Starting with the line with "Photo of Trip" in the entries below and going on through the line with "Siam Park - Premium", output every line exactly and nothing more. No pictures.

===

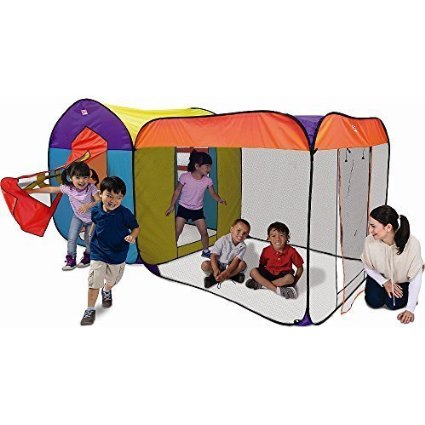 Luxury Townhouse Giant Play Tent by PlayHut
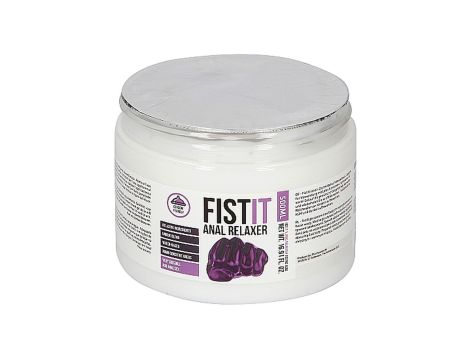 Fist It Anal Relaxer - 500ml - 3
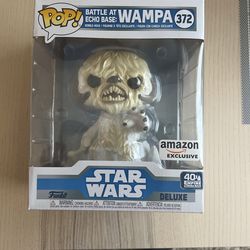 Battle At Echo Base: Wampa
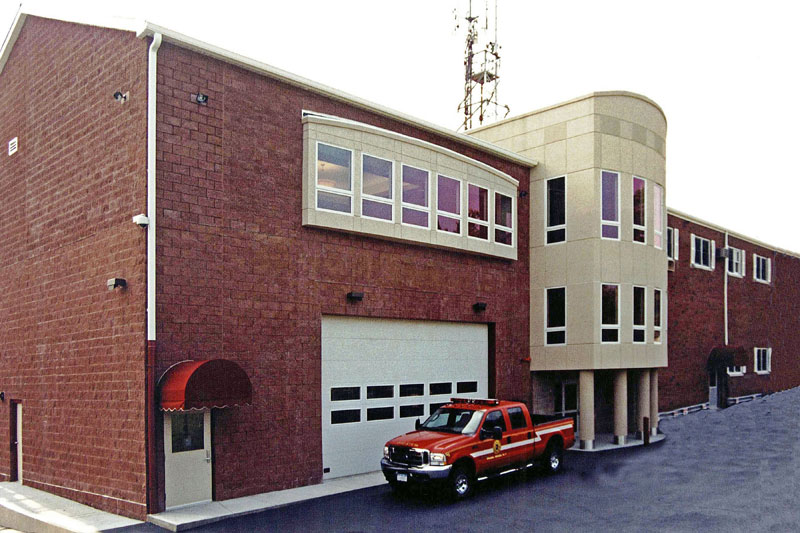 Pearl River, NY Mitchell Associates Architects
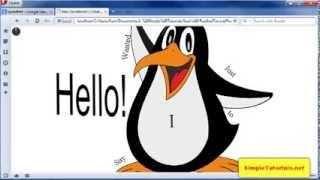 Sozi - Inkscape - Short Tutorial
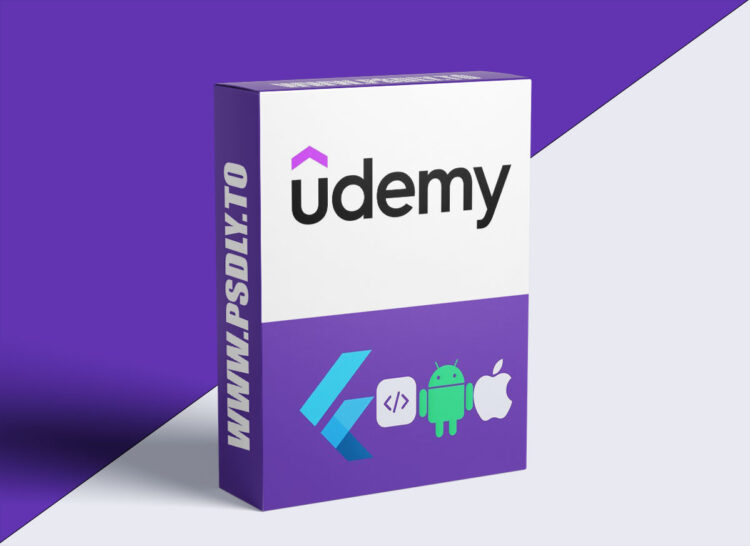 Udemy – The Complete Flutter Development Bootcamp - Zero to Hero 1 The Complete Flutter Development Bootcamp - Zero to Hero
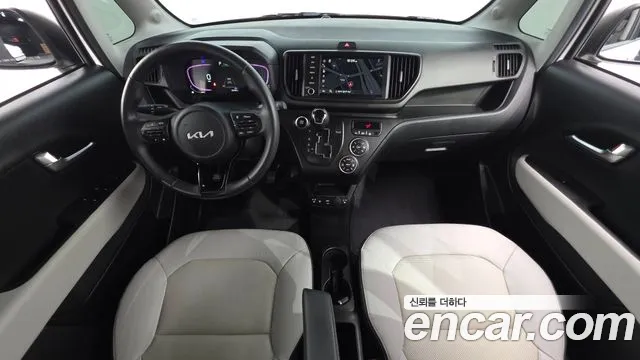 Kia RAY Новый Kia Ray Signature — Фото автомобиля 6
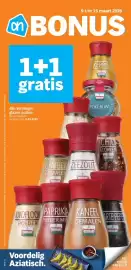 Albert Heijn folder week 11 Pagina 1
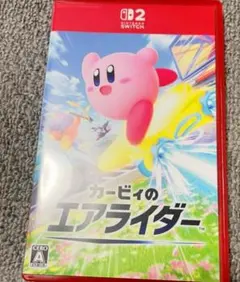 カービィのエアライダー Nintendo Switch2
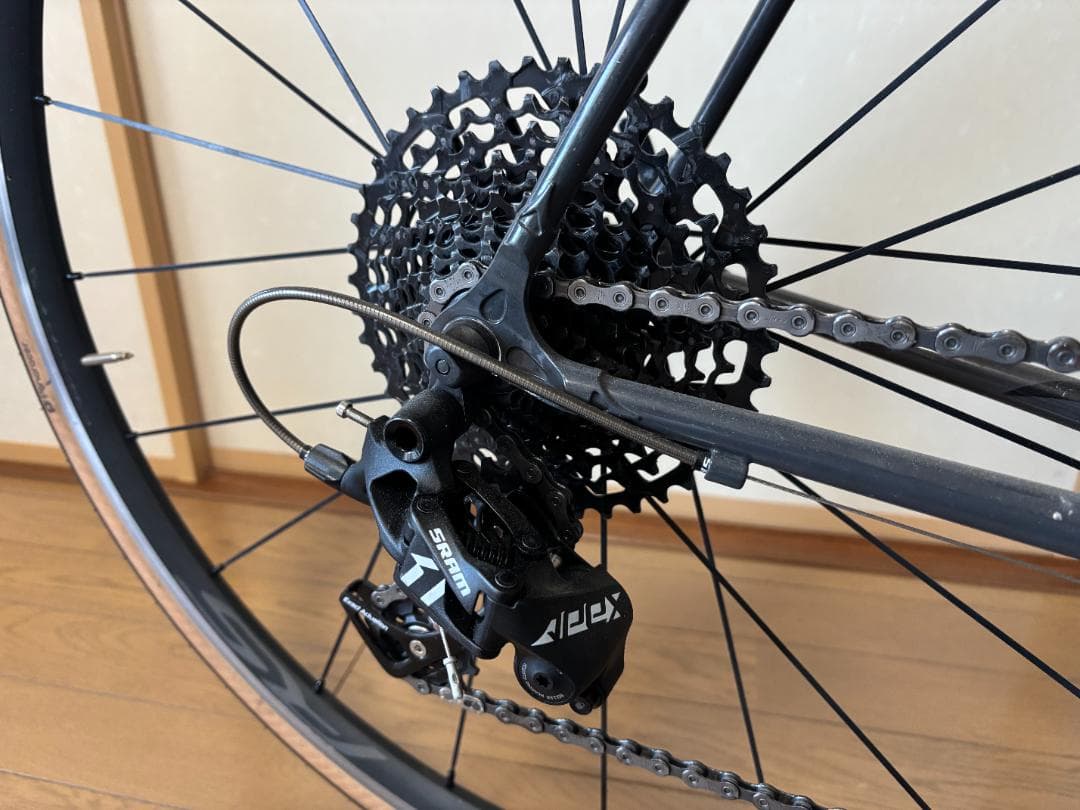 パナソニック FRC16ロードバイク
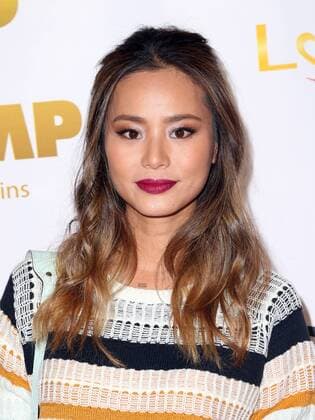 November 7, 2016 - Hollywood, CA, United States - 07 November 2016 - Hollywood, California - Jaime Chung. Premiere Of God vs Trump held at The TCL Chinese Theatre. Photo Credit: AdMedia Hollywood United States - ZUMAa123 20161107_zaa_a123_090
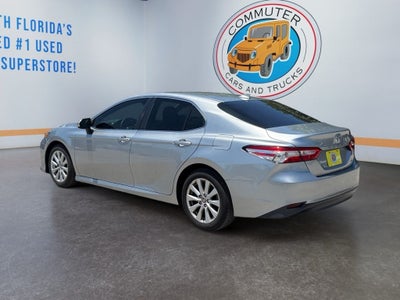 2020 Toyota Camry LE
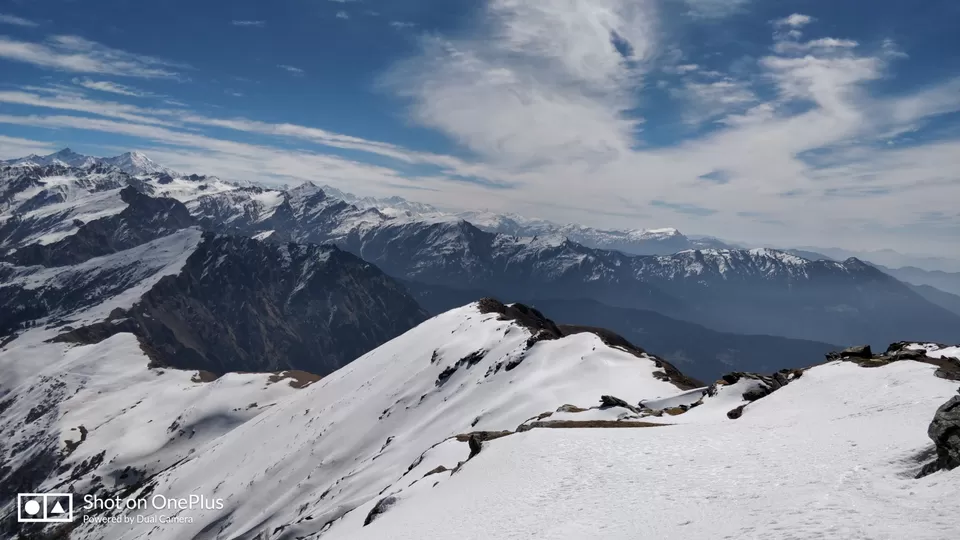 Photo of Trip to Kedarkantha(Uttrakhand) in March'18 by Arpit Madaan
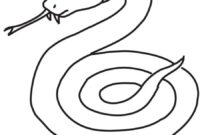 printable snake pictures printable snake pictures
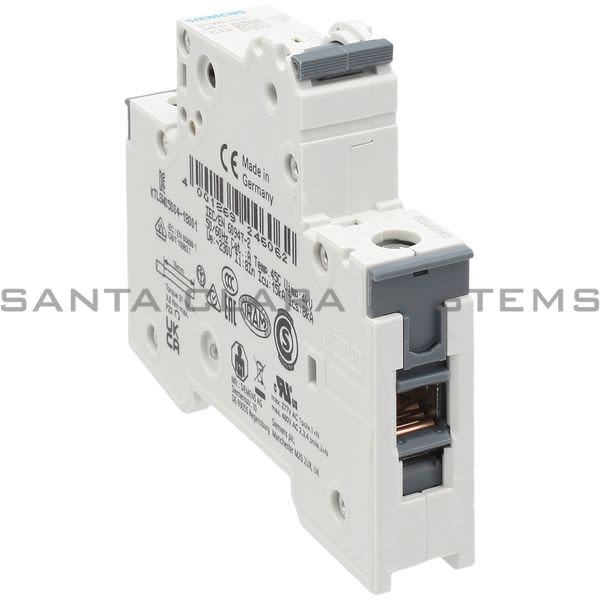 Siemens 5SY6113-7 Circuit Breaker | 5SY6113-7 Product Image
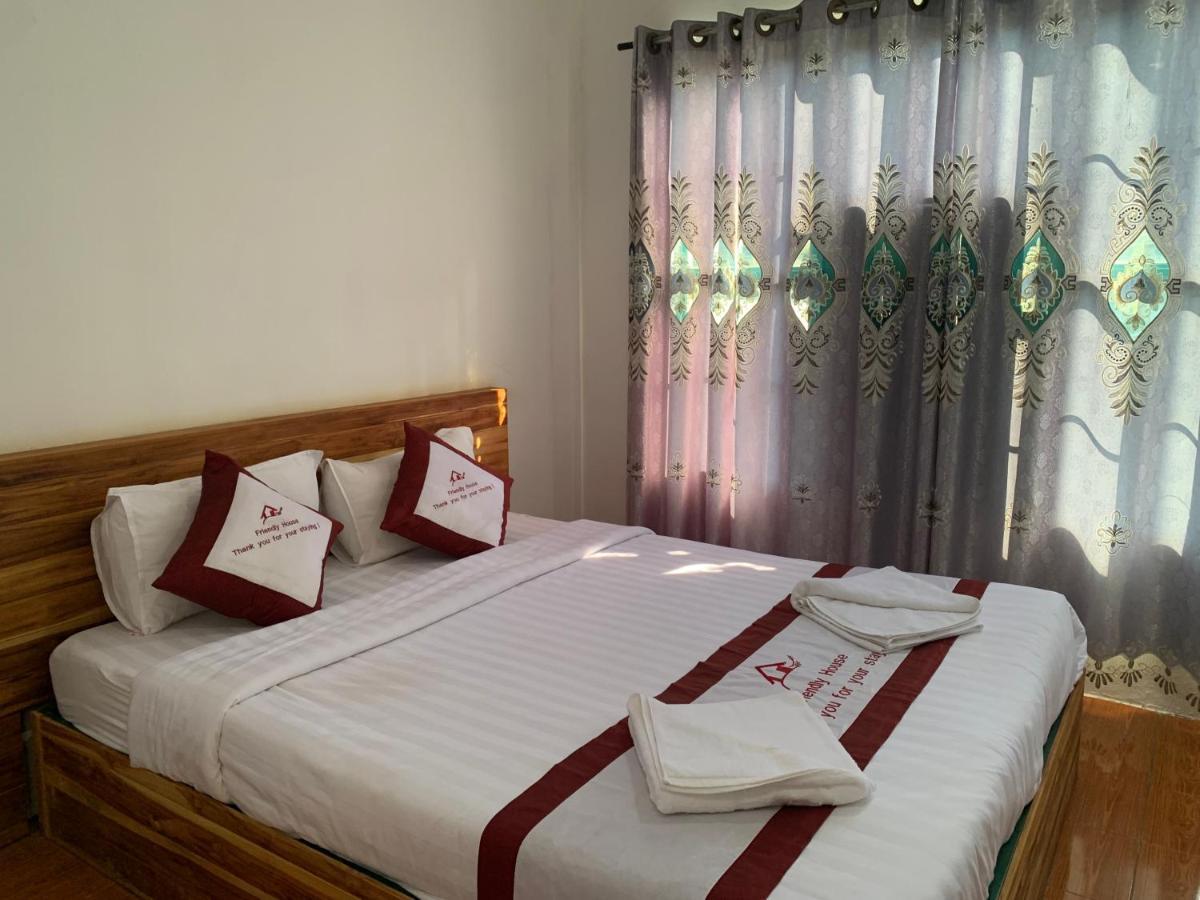 Vang Vieng Lily Backpackers Hostel Extérieur photo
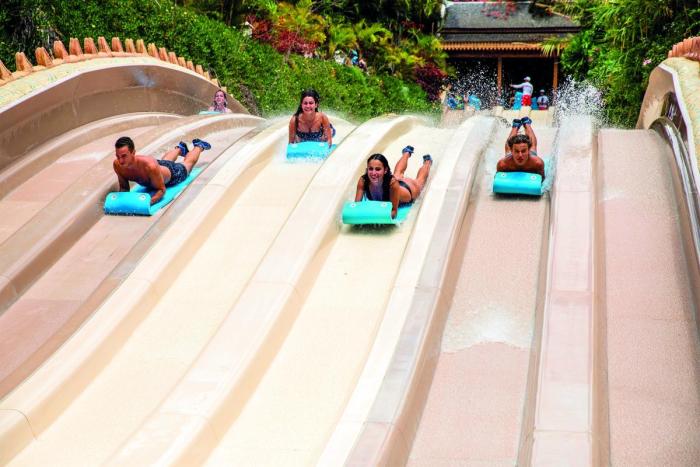 Siam Park - Premium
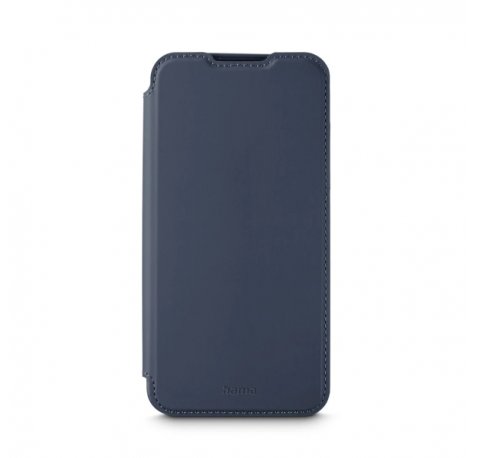 Hama Fantastic Feel Funda para Samsung Galaxy A56 5G - Antideslizante - Poliuretano Termoplastico - Color Azul
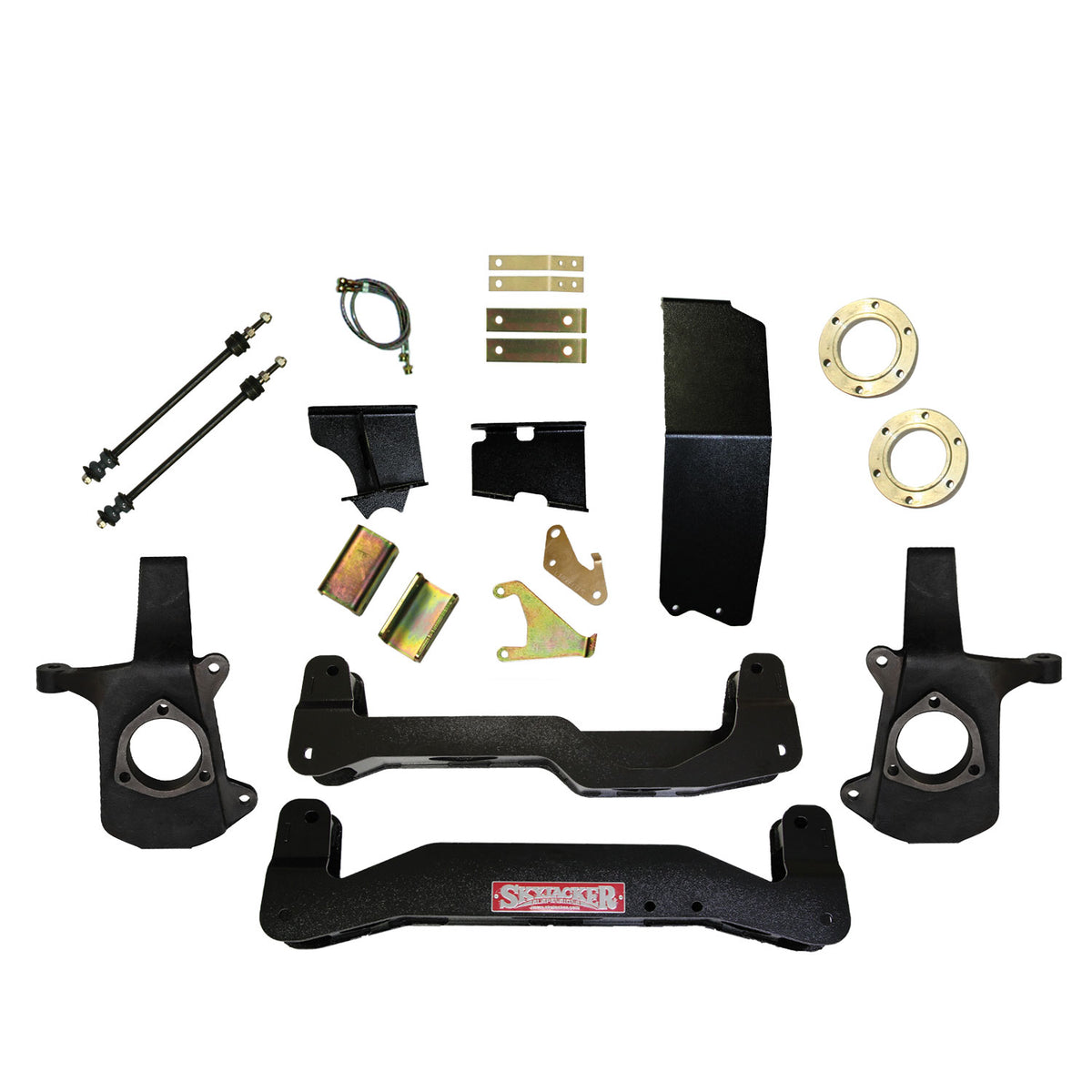 Skyjacker Suspension Lift Kit 2014-2016 GMC Sierra 1500 - C14661A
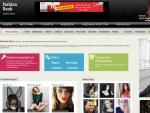 «Fashionbank» — сайт, посвященный модельному бизнесу и фотографии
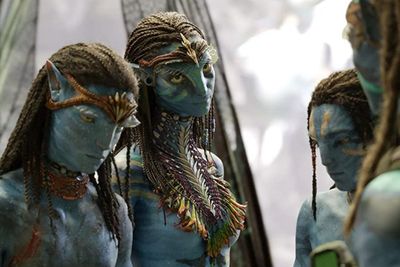 James Cameron: Avatar 3 Bakal Ceritakan Suku Api yang Brutal dan Sisi Gelap Suku Na vi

===

▶ WORKED SOLUTION
 Photo of Trip to Kedarkantha(Uttrakhand) in March'18 by Arpit Madaan
 printable snake pictures printable snake pictures
 Siemens 5SY6113-7 Circuit Breaker | 5SY6113-7 Product Image
 Vang Vieng Lily Backpackers Hostel Extérieur photo
 Siam Park - Premium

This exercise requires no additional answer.